- Associated Press - Tuesday, December 9, 2014

MONTGOMERY, Ala. (AP) - Prosecutors want a judge to give a former Alabama education official and her husband 50-year sentences in an ethics case involving the misappropriation of millions of dollars from the federal stimulus program.

The state attorney general is seeking the sentences for Deann Stone, 51, and Dave Stone, 55, of Wetumpka. Deann Stone is the former director of federal programs for the state Department of Education. A jury convicted her in October of five ethics counts involving using her position to direct more than $10 million in grants to the company that employed her husband. He was convicted of aiding and abetting her on each count.

“The State is not aware of a criminal ethics case or theft case in the State of Alabama involving this much money,” Assistant Attorneys General Bill Lisenby and Pete Smyczek said in court papers filed late Monday.

Deann Stone’s attorney, Tommy Goggans, responded Tuesday by asking Circuit Judge Johnny Hardwick to issue “an appropriate and just sentence” that reflects her having no prior legal problems, having a good reputation and not posing a danger to society.

He also submitted letters from many family and friends seeking leniency and compassion. Among them were letters from current Secretary of State Jim Bennett and former Secretary of State Billy Joe Camp.

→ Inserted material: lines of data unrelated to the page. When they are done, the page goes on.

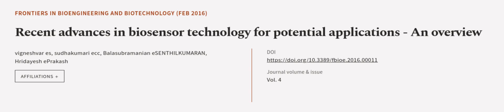This article was authored by Vineshvary S, Sudakumari ECC, Balasubramanian ESNTHLKUMRAN, and others. We are article.tv, links in the description below.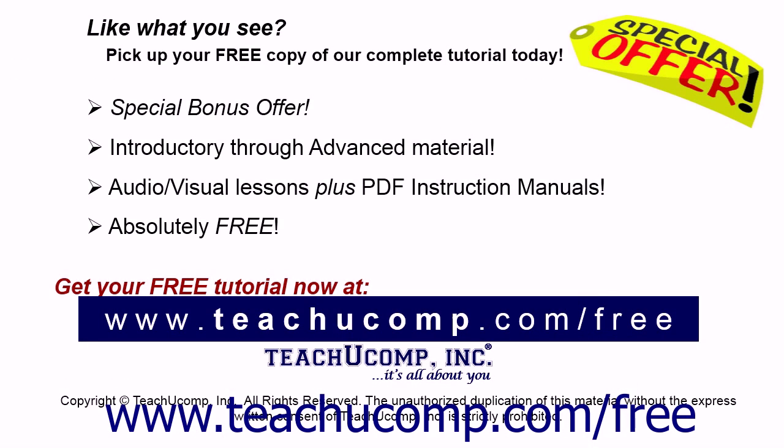Like what you see? Pick up your free copy of the complete tutorial at www.teachucomp.com forward slash free.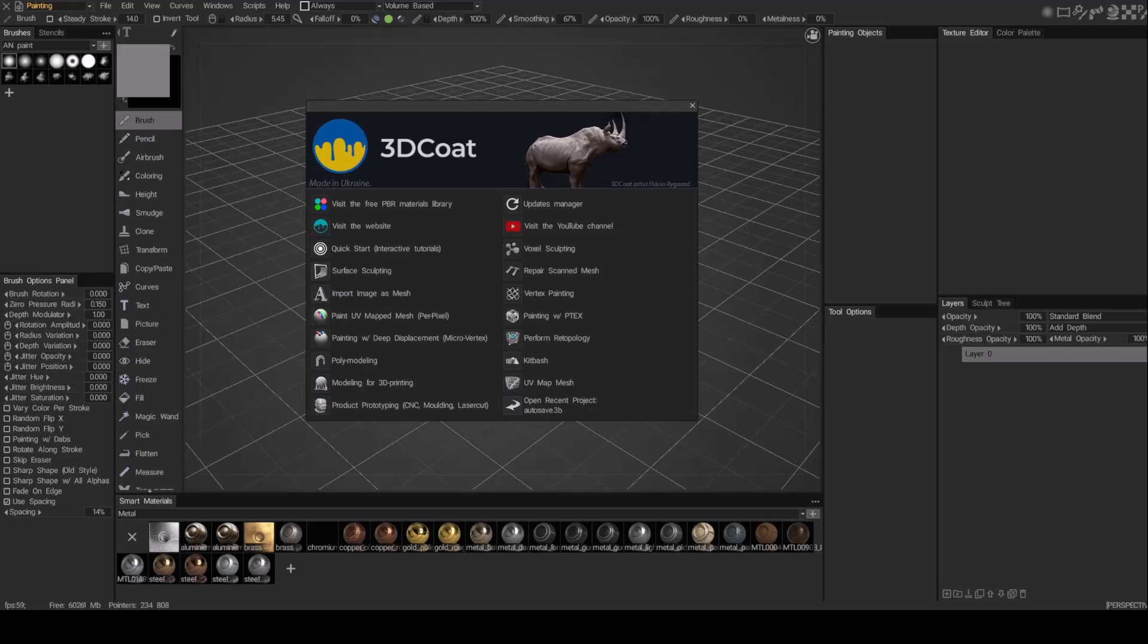All right, in this video, I'm going to walk through the steps of bringing in a model into the modeling room inside of 3D Coat and passing it around through the other rooms.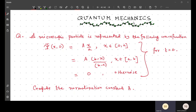We are going to solve a few quantum mechanics problems, starting with one of the easiest problems, which gives you one of the foremost concepts on which many numerical problems used to come in competitive exams. So let us look at one such problem.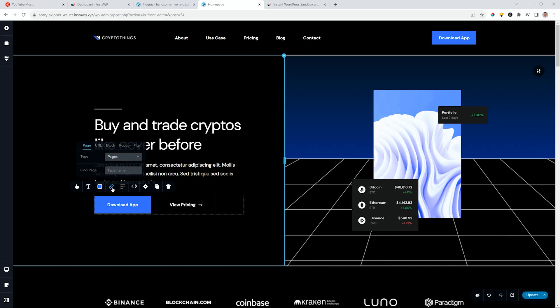Select it. And now you will see that the first option appears to be page. The other options are still there: URL, the block, the popup, and the file. What does this do? You'll be very happy about this one. This means you can link internally to pages, posts, and other custom post types that you may have created.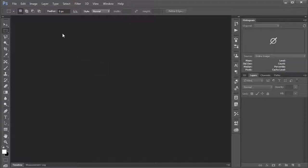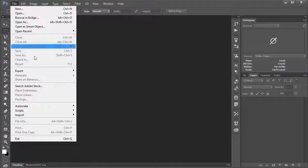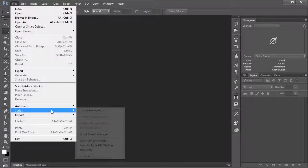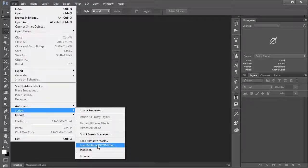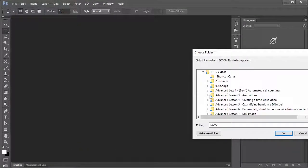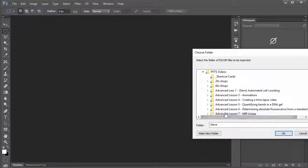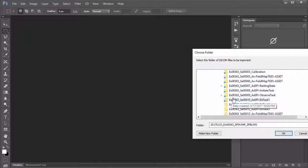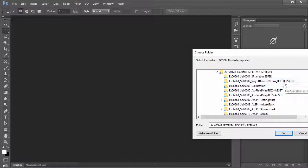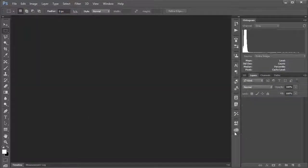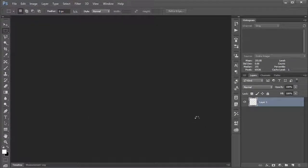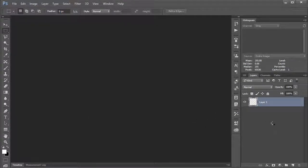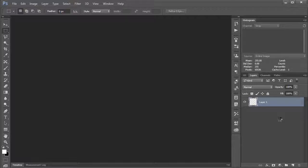First off we need to go up to File and we want to say Scripts and we want to say Load Multiple DICOM Files. I'm gonna navigate to my folder with my DICOM files. I'm gonna use this one that says 'use this one'—yours will probably be named something different. Then I'm gonna say OK and Photoshop is gonna import all of these individual files, I think there's about 200 of them, into a stack in my layers panel here.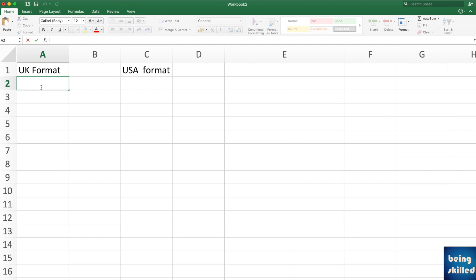Suppose you are having dates in your Microsoft Excel and you want to convert them into a different format. We are going to take multiple scenarios of how the date can be and what you have to do to change the date format.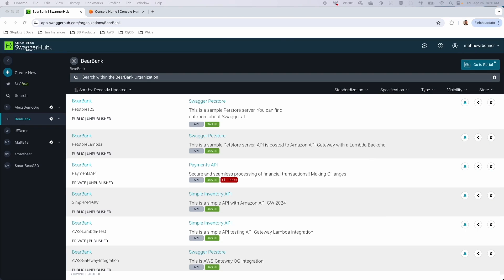Hi, all. Today we will be talking about SmartBear's SwaggerHub and Amazon API Gateway. SwaggerHub is an enterprise API design and documentation platform for software developers to build, document, and manage their APIs. It is designed for teams. These teams create standards that keep errors from slipping through. Collaboration is secure and painless because you can do it all in one place. Documentation is easy to share and understand, so users know how to use your API, adopt it faster, which can lead to monetization and productization of the APIs.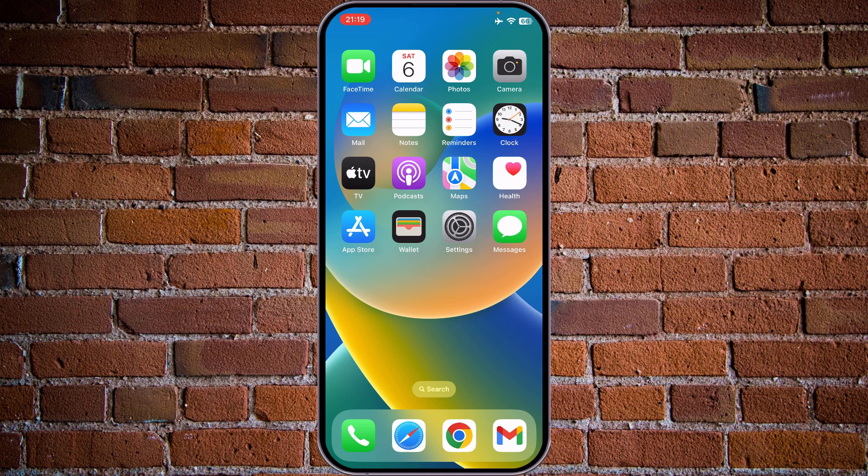There are several reasons why you would want to sign out from your iPhone account. Your phone, iPod, or MacBook could be stolen, you may want to sell it, or you simply lost it — and you want to log off to secure your information.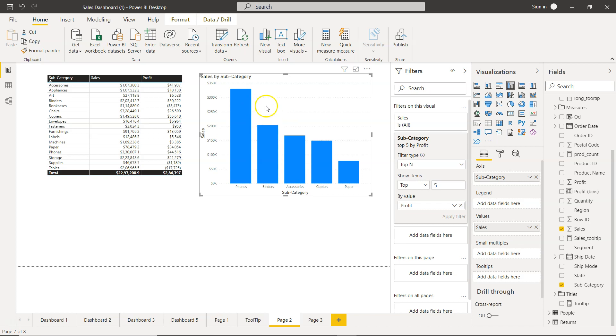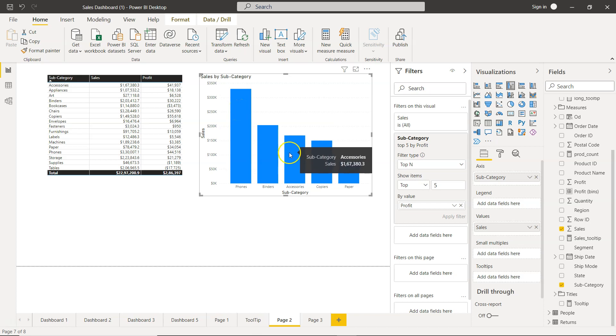So in the backend, the profit is by which it is filtered, and over here you can see the sales.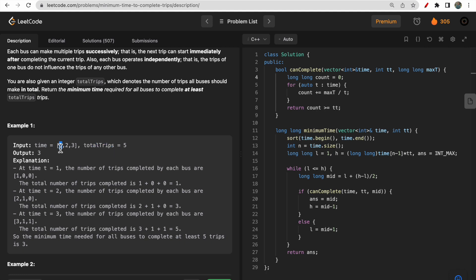If there is only one bus with time 1 second, it will take 5 seconds to complete all five trips. If it was only the second bus with time 2 seconds, it would take 10 seconds to complete five trips. And 15 seconds for the third bus alone.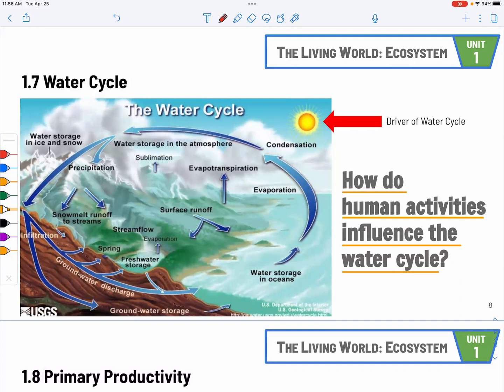Section 1.7: water cycle. This is fairly old knowledge, but the key things here are human activities. For example, we put concrete on the ground which blocks water from infiltration, leading to increased surface runoff and pollution. Because infiltration is blocked, we limit the groundwater supply. We're also taking too much water from the ground for agriculture.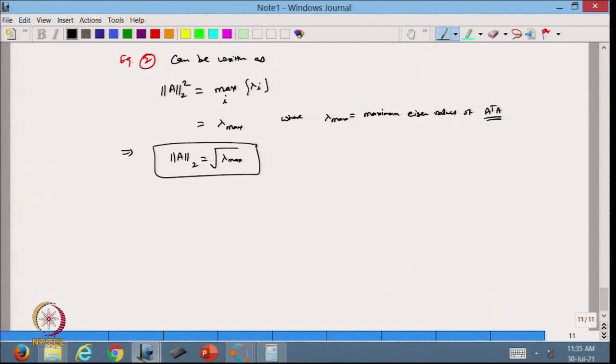In today's lecture we started with the matrix norm and discussed how to define different types of matrix norms. We discussed how matrix norms and vector norms are compatible with each other. Finally, we defined the 2-norm of a given matrix in terms of the eigenvalues of A^T A. In the next lecture we will continue with this topic. Thanks for watching.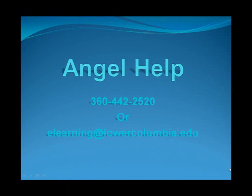Always remember, if you need further assistance with ANGEL, please call 360-442-2520 or send an email to elearning at lowercolumbia.edu.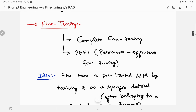Now let's look at fine tuning, which comes in two forms: complete fine tuning and parameter efficient fine tuning (PEFT). PEFT uses techniques like LoRA and QLoRA to optimize the number of parameters being tuned. LoRA is one of the most well-known PEFT techniques for fine tuning large language models and deserves its own dedicated video. So in summary, you have two approaches: complete fine tuning and parameter efficient fine tuning.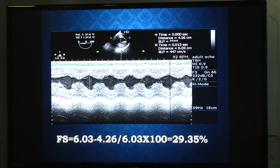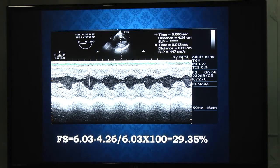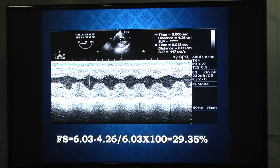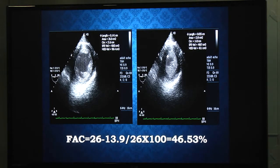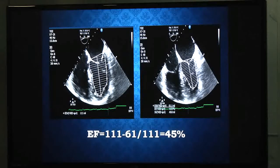An important consideration is to try to avoid papillary muscle inclusion in M-mode echocardiography. To avoid papillary inclusions, it is better to use the transgastric long axis view, in which we can visualize the papillary muscles and exclude them. Fractional area change is calculated in the transgastric short axis view of the LV, using the LV cavity area in diastole minus systole divided by diastolic area multiplied by 100.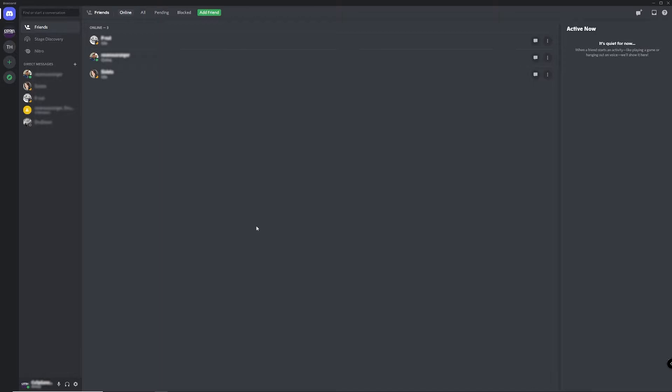So go ahead and open up Discord and at the very bottom, you'll see your username next to a user settings icon. It looks like a little cogwheel.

The Stones are scheduled for sentencing Monday. They have already announced plans to appeal their conviction. If the convictions stand, Deann Stone will lose her state pension benefits built up through more than 22 years in public education positions, Goggans said.

During the trial, prosecutors argued that Deann Stone manipulated the process for awarding grants to make sure three school systems using her husband’s employer, Information Transport Solutions, got $24 million funded by federal stimulus money. The company received more than $10 million from the grants that went to the Lowndes, Coosa and Marengo county school systems, and Dave Stone got a $25,000 bonus, prosecutors said.

Deann Stone testified during the 10-day trial that she left much of the work on the grant process to other employees in her office, and she had only a small role. She said her staff made mistakes for which she got the blame.

Prosecutors are asking the judge to give each of the Stones a 10-year sentence on each ethics conviction and to run the sentences consecutively. They are also asking for $30,000 in fines for each.

Prosecutors said lengthy sentences are needed as a deterrent, and they pointed out that closest case in terms of money was the 1996 prosecution of Mobile County conservator Thomas Bryant Jr. He received 120 years for stealing $3.5 million from people whose financial affairs he was supposed to administer.

Thomas served less than a tenth of his sentence. He was paroled after eight years as part of effort by former Gov. Bob Riley’s administration to reduce Alabama prison overcrowding by accelerating the parole of non-violent offenders.